La grève se traduisait par des fermetures de crèches, d’établissements scolaires – où le service minimum, prévu par la loi, n’est pas toujours assuré – et de nombreux services publics.

  • Le ministère de l’éducation nationale annonçait 17,5 % de grévistes chez les enseignants, plus nombreux dans le primaire (20 %) que dans le second degré (16 %), tandis que la FSU évoquait 50 % de grévistes dans le primaire ;
  • Les syndicats avançaient un peu plus de 12 % de grévistes à Pôle emploi ;
  • Dans le ciel, 30 % des vols ont été annulés préventivement en raison de la grève des agents de l’Aviation civile, qui emploie majoritairement des fonctionnaires.

Un rendez-vous salarial aura lieu le 16 octobre, a annoncé le ministre chargé de la fonction publique, Gérald Darmanin, répétant qu’« aucun agent public ne verra son salaire baisser ».

« 200 personnes potentiellement à risque »

Malgré quelques scènes de violence, les manifestations se sont globalement déroulées dans le calme. A Rennes, quelques centaines d’étudiants encagoulés ont pris la tête du cortège en fin de matinée après des échanges tendus avec les représentants de la CFDT.
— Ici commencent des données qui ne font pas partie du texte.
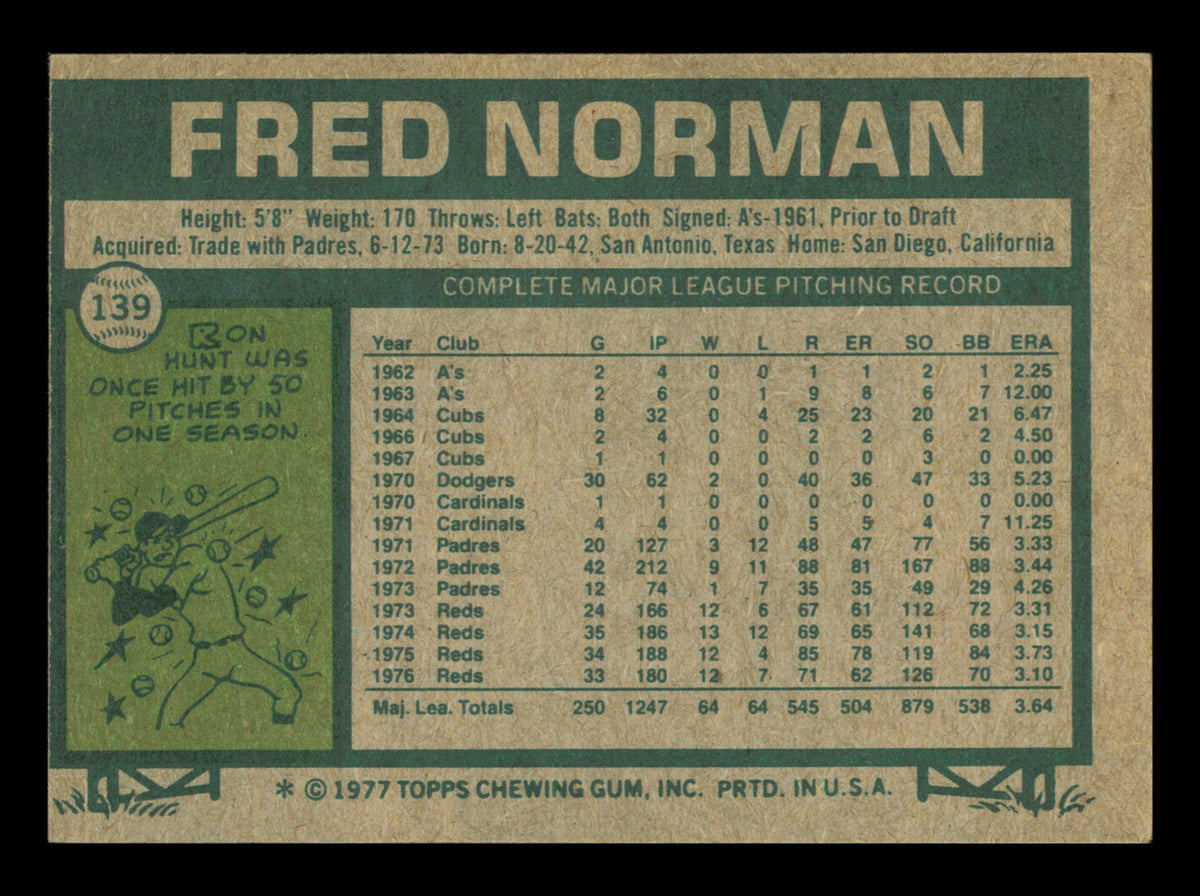 Fred Norman Autographed 1977 Topps Card #139 Card Cincinnati Reds SKU #241059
A Paris, plusieurs dizaines de personnes cagoulées et vêtues de noir ont pris mardi pour cible plusieurs agences bancaires sur le parcours de la manifestation des fonctionnaires contre « les attaques » du gouvernement à Paris.

Un groupe de « 200 personnes potentiellement à risque » avait été repéré par la police au départ du cortège place de la République. Des échanges de coups ont eu lieu entre « des individus de ce groupe et des membres du service d’ordre de la manifestation », selon la préfecture de police (PP).

Ce qu’il faut savoir sur la fonction publique

Tous les syndicats de fonctionnaires ont appelé à la grève mardi 10 octobre. Mais si l’appel est unitaire, les situations que recouvre la « fonction publique » sont extrêmement diverses.

  • Trois fonctions publiques

– La fonction publique d’Etat (44 %) : ce sont les salariés des ministères, et les seuls à dépendre de l’Etat. La majorité d’entre eux sont des enseignants. Entre 2004 et 2014, elle a perdu près de 10 % de ses effectifs.

– La fonction publique territoriale (35 %) : elle comprend le personnel des collectivités locales (71 % travaillent pour les communes), des structures intercommunales, des établissements publics et des offices publics HLM. En dix ans, elle a porté l’augmentation des effectifs de la fonction publique, avec une hausse de plus de 27 %.

– La fonction publique hospitalière (21 %) : elle agrège les salariés des hôpitaux, des établissements d’hébergement pour personnes âgées et d’autres établissements médico-sociaux. En dix ans, ses effectifs ont augmenté de plus de 10 %.

  • Trois catégories de fonctionnaires

Les agents de la fonction publique sont répartis en trois catégories : A, B et C, en fonction de leur niveau d’étude et de leur niveau de responsabilité.

Dans la fonction publique d’Etat, 55 % des fonctionnaires sont de catégorie A, notamment en raison du nombre important d’enseignants. En revanche, les agents de catégorie C, moins bien rémunérés, représentent 77 % de la fonction publique territoriale et 49 % de la fonction publique hospitalière.

  • Des conditions de rémunération variables

Les fonctionnaires, recrutés sur concours, ont une progression de carrière réglée par les grilles indiciaires qui sont différentes pour chaque métier ou corps de métier. Un fonctionnaire gravit les échelons (dont le nombre varie également) à intervalle de temps compris entre quelques mois et plus de quatre ou cinq ans parfois, pour voir sa rémunération indiciaire augmenter. Elle est plafonnée une fois le dernier échelon atteint.

Les rémunérations comprennent aussi une partie indemnitaire : les primes et indemnités. Là encore, elles sont extrêmement différentes : elles peuvent représenter le tiers de la rémunération d’un gardien de la paix, alors que les enseignants ne sont pas éligibles à la rémunération par prime.